# thedudes frog room!



## thedude (Nov 28, 2007)

Hello all!

i figure i have a decent enough collection now and a frog room in the works that i can have a thread about it 

im going to be changing some things around over the next couple months but here is how the room is now.

1st wall









2nd wall









3rd wall










a close up of my blue jeans tank. ill get better shots later.










a close up of some of the ranitomeya tanks. ill get better shots later.


----------



## edwing206 (Apr 9, 2008)

Looking good man! It's about time you made a thread for your frog room .


----------



## Reefer420 (Oct 18, 2009)

very nice.. sweet setups you got there. I like all those vert tanks, what size are they? are those other tanks custom?


----------



## cheezus_2007 (Aug 20, 2009)

i really like those vert tanks.... Very nice Adam


----------



## Steve25 (Jan 29, 2010)

Awesome job! Thanks for the pictures


----------



## eos (Dec 6, 2008)

Nice room! How big is that blue jeans tank? And how many of 'em you got?


----------



## maverick3x6 (Jul 31, 2008)

Hey man... you might want to watch out for that giant snake hanging from your curtains... he may try and eat the frogs! ;-)


----------



## thedude (Nov 28, 2007)

thanks for the kind words guys! ya luis i figured its time, especially since im going to be remodeling a bit.




maverick3x6 said:


> Hey man... you might want to watch out for that giant snake hanging from your curtains... he may try and eat the frogs! ;-)
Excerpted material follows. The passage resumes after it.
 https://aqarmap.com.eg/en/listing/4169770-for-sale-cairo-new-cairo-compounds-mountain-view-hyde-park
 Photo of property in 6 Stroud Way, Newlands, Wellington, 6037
nah, hes nice. i might even try a mix tank with him 




eos said:


> Nice room! How big is that blue jeans tank? And how many of 'em you got?


i have a pair and the tank is a 75 gallon. they have been laying and transporting so i must be doing something right! even found a clutch of 14!




Reefer420 said:


> very nice.. sweet setups you got there. I like all those vert tanks, what size are they? are those other tanks custom?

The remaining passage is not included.